The harder Sia tries to be anonymous, the more her talent is in demand. Luckily, producer Greg Kurstin has the chops to keep up.

By

20 March 2015

Artist: Sia
Album: 1000 Forms of Fear

Photos: Lindsey Byrnes

“Sia comes in like a whirlwind,” says songwriter and producer Greg Kurstin, explaining what it’s like when the Adelaide songstress shows up at his studio in Los Angeles. “We tend to write at least a song a day, often more. She is a writing machine! Most of the time what we do is very spontaneous, and very fast. We both like to be decisive. She’s one of the fastest people I’ve ever worked with. She doesn’t only write very quickly, she also records really fast — often doing just one take — so you have to be sure you’re in record!”

Kurstin was speaking in the days leading up to the 57th Grammy Award ceremony, where Sia’s smash hit song Chandelier was nominated for a whopping four Grammies, including the prestigious Song of the Year and Record of the Year awards — the latter also includes a nomination for Kurstin, as the song’s producer and engineer.
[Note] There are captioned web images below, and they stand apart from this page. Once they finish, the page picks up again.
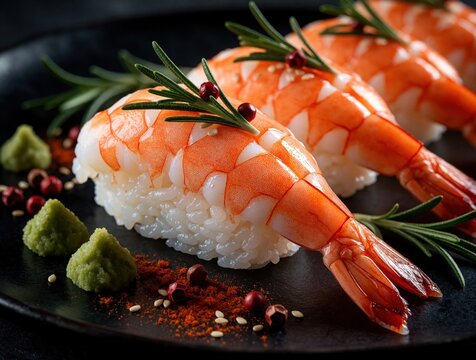 Shrimp nigiri sushi with wasabi and rosemary on dark plate. Delicious Japanese seafood appetizer, close up. Gourmet ebi sushi presentation for restaurant menu or food blog.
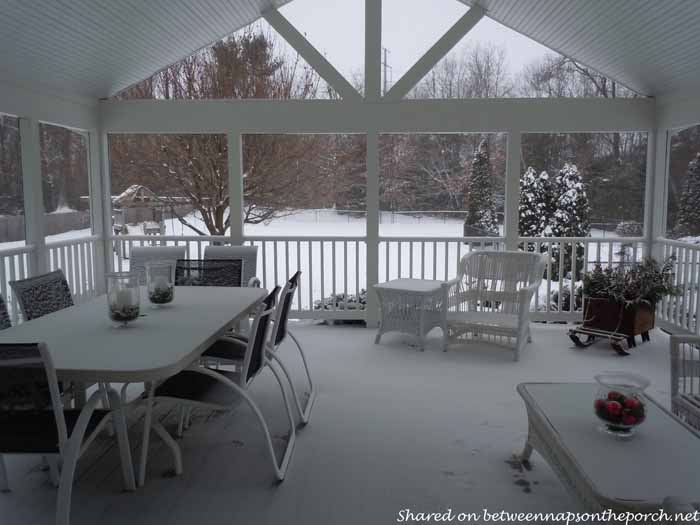 porch screened snow england winter addition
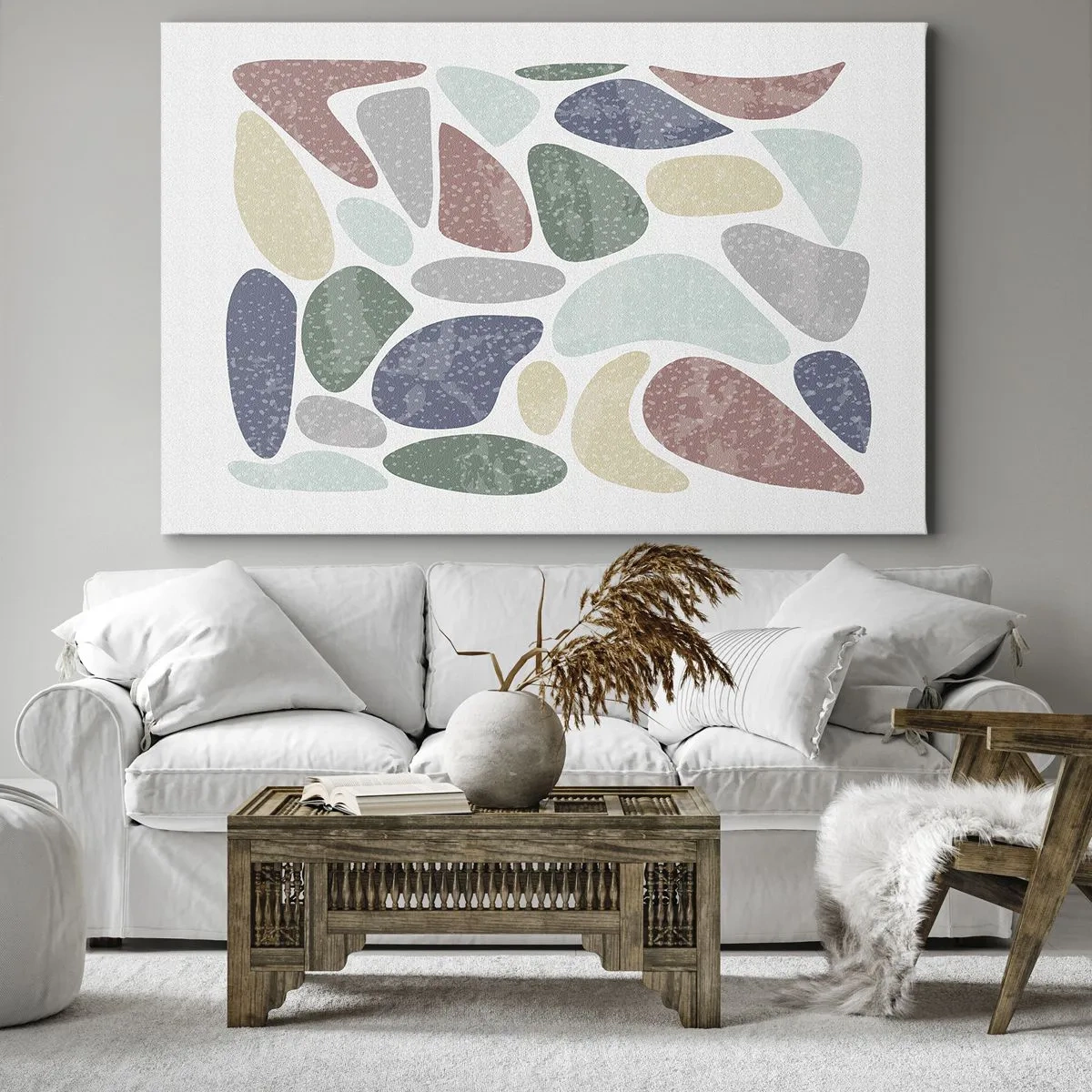 Bild auf Leinwand - Leinwandbild - Bunte organische Formen auf weißem Hintergrund - 70x50cm - Mosaik aus pulverförmigen Farben - Moderne Wanddekoration für Wohnzimmer und Schlafzimmer ARTTOR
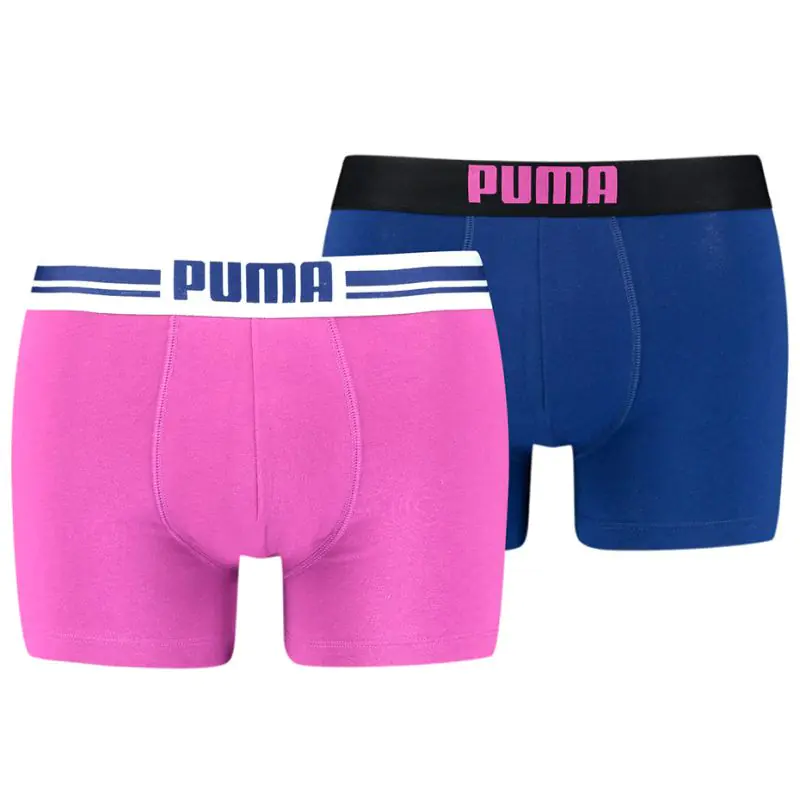 ⁨Bokserki Puma Placed Logo Boxer 2P M 906519 (kolor Niebieski. Różowy, rozmiar S)⁩ w sklepie Wasserman.eu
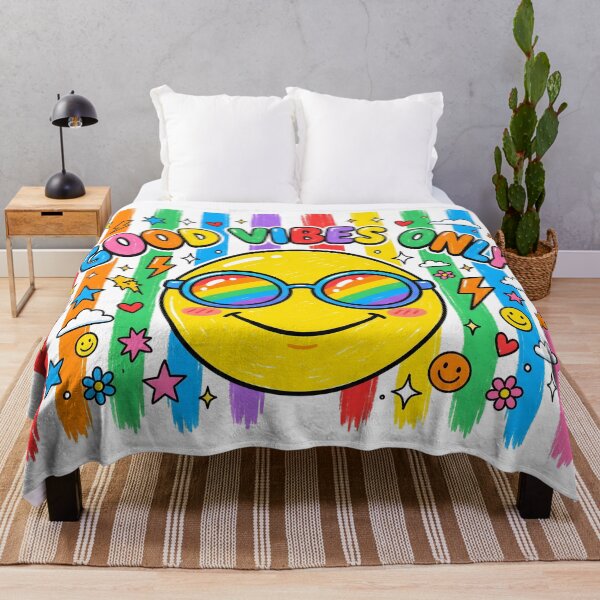 Item preview, Good Vibes Only Rainbow Smiley Face Cute Positive Quote designed and sold by tahminsdesign25.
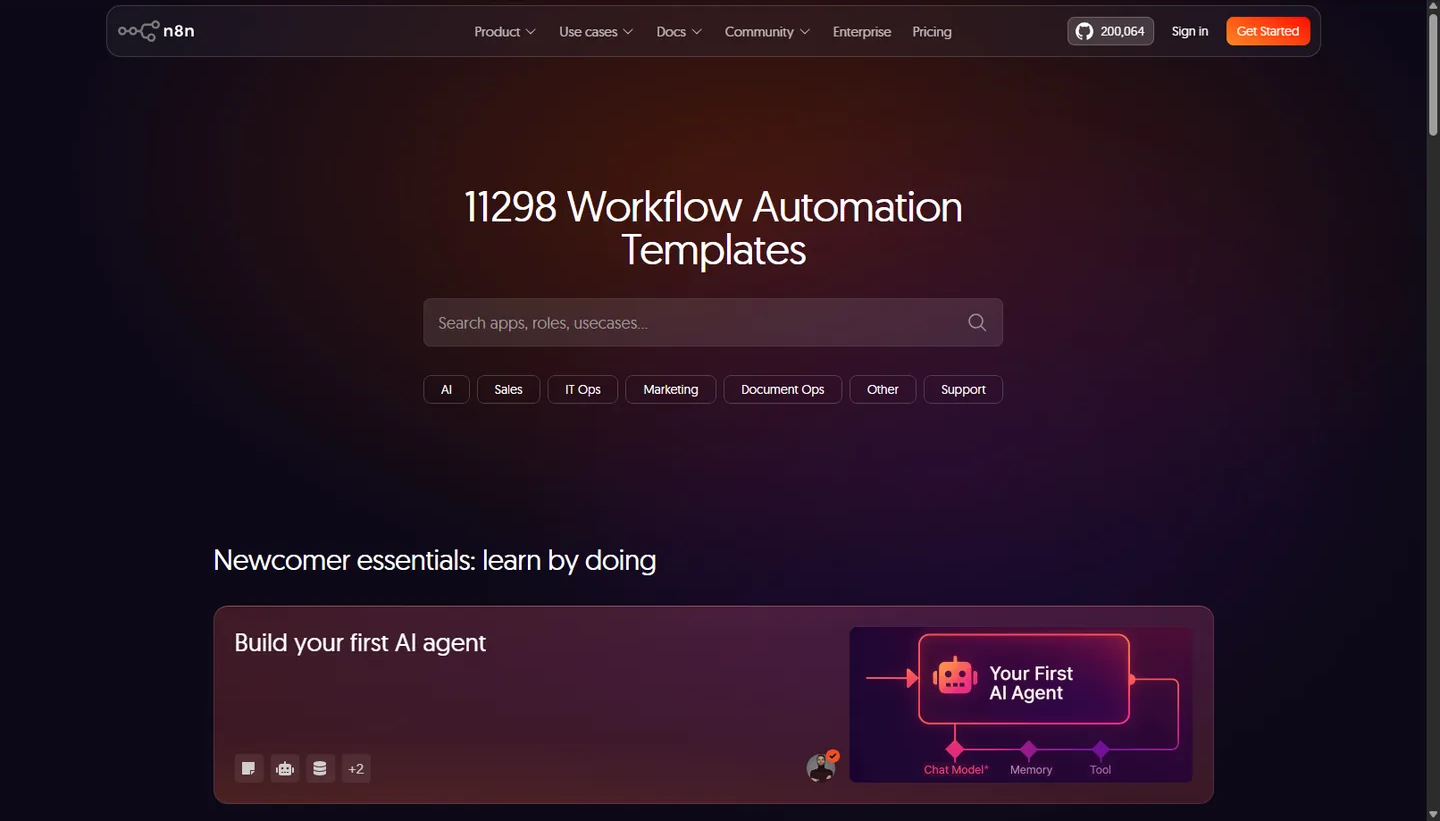 n8n.io template gallery: "11298 Workflow Automation Templates" with a search box, category filters, and a "Build your first AI agent" card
The raw lyrics to Chandelier1, 2, 3, drink, Throw ‘em back, ’til I lose count — reflect that Sia’s current success has a triumphant ‘against all odds’ element. Over the years her career has been slowed down and nearly derailed by a number of personal issues; ranging from a schizophrenic father, a boyfriend’s death in 1997, extreme shyness, depression, alcohol and drug addiction, ill-health, sexual identity issues, stage fright and a general aversion to being famous. All this led her to come close to committing suicide in 2010, and today she often performs with her back to the audience, hiding her face — normally the focus of any pop singer’s brand — and pushing her trademark blonde wig forth as a symbolic replacement.

DIAMONDS & CHANDELIERS

In the mid 1990s, Sia Furler started her music career in the small Adelaide acid jazz scene, and she released her first, unsuccessful, solo album, OnlySee in 1997. A move to London in the early noughties led to her appearance as a featured singer with the UK trip-hop band Zero 7, and the release of a second solo album, Healing is Difficult, which spawned a top 10 UK single, and an APRA Breakthrough Songwriter Award win in 2002. Sia’s third album, Colour the Small One, was produced by Jimmy Hogarth (Suzanne Vega, Duffy) and features a song co-written with Beck Hansen. Sia relocated to the US in the mid-2000s, and her 2008 album, Some People Have Real Problems, again produced by Hogarth, featured a song written by her and Kurstin, Death By Chocolate. This latter collaboration, and the marginally elevated chart positions of the album, were signs of great things to come.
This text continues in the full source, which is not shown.